## [What you need to do]
Leaving out the images, reproduce every line of the data that follows exactly.

## [Records to use]
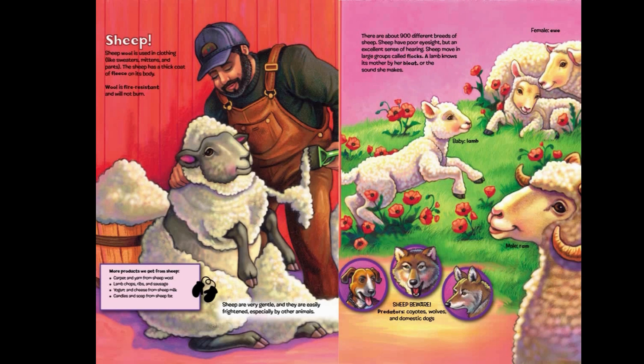A lamb knows its mother by her bleat, or the sound she makes. Female sheep: ewe. Baby sheep: lamb. Male sheep: ram.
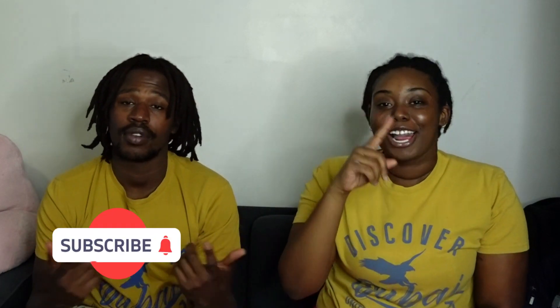It's your girl Chris, it's your boy Q, and you know what to do — like, comment, share, and subscribe. You know the vibes. So today guys, as you can see, we have two shirts that are identical.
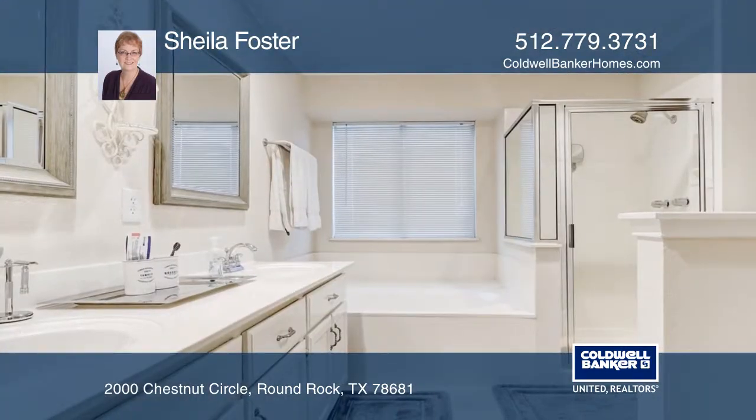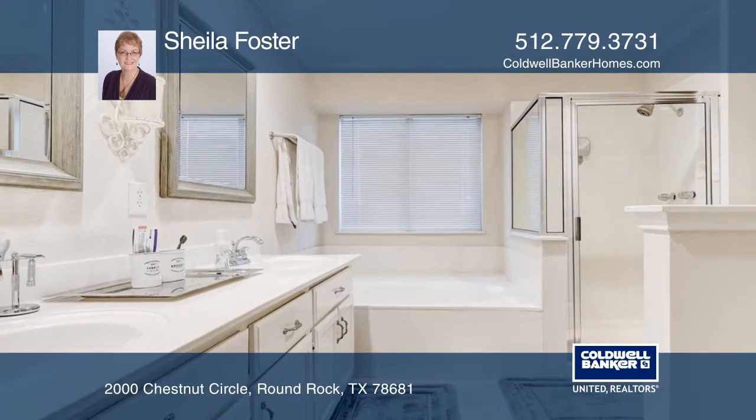Check out the master suite with a walk-in organizer closet, a double sink vanity, and a separate shower.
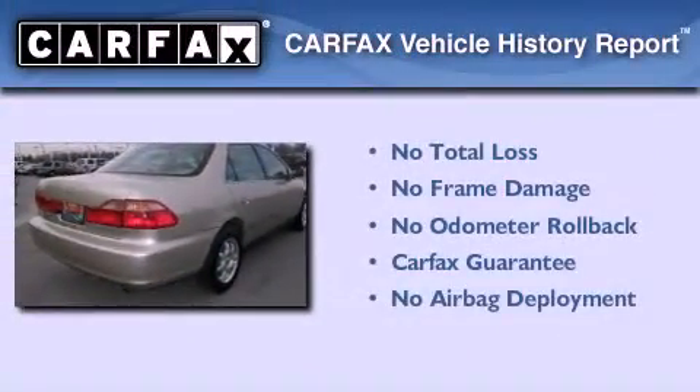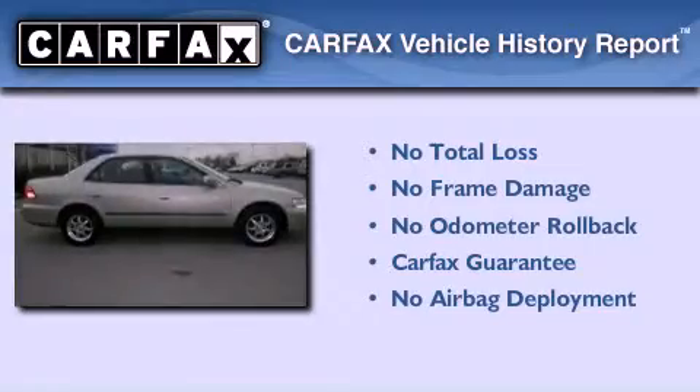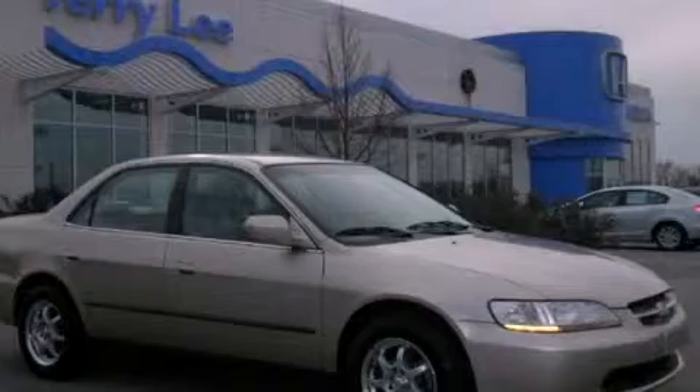Not to mention that this Honda qualifies for the Carfax Buyback Guarantee. Contact us today to arrange your test drive.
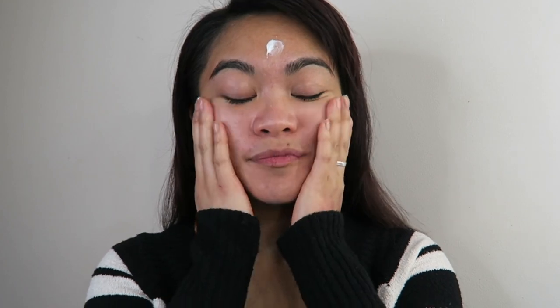It also smells so good — it smells like the lotions that they use in a spa. Not that I've been to many spas, but this is what I would imagine the lotion would smell like that they use in a spa.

## [Reply]
A lamb knows its mother by her bleat, or the sound she makes. Female sheep: ewe. Baby sheep: lamb. Male sheep: ram.
It's your girl Chris, it's your boy Q, and you know what to do — like, comment, share, and subscribe. You know the vibes. So today guys, as you can see, we have two shirts that are identical.
Check out the master suite with a walk-in organizer closet, a double sink vanity, and a separate shower.
Not to mention that this Honda qualifies for the Carfax Buyback Guarantee. Contact us today to arrange your test drive.
It also smells so good — it smells like the lotions that they use in a spa. Not that I've been to many spas, but this is what I would imagine the lotion would smell like that they use in a spa.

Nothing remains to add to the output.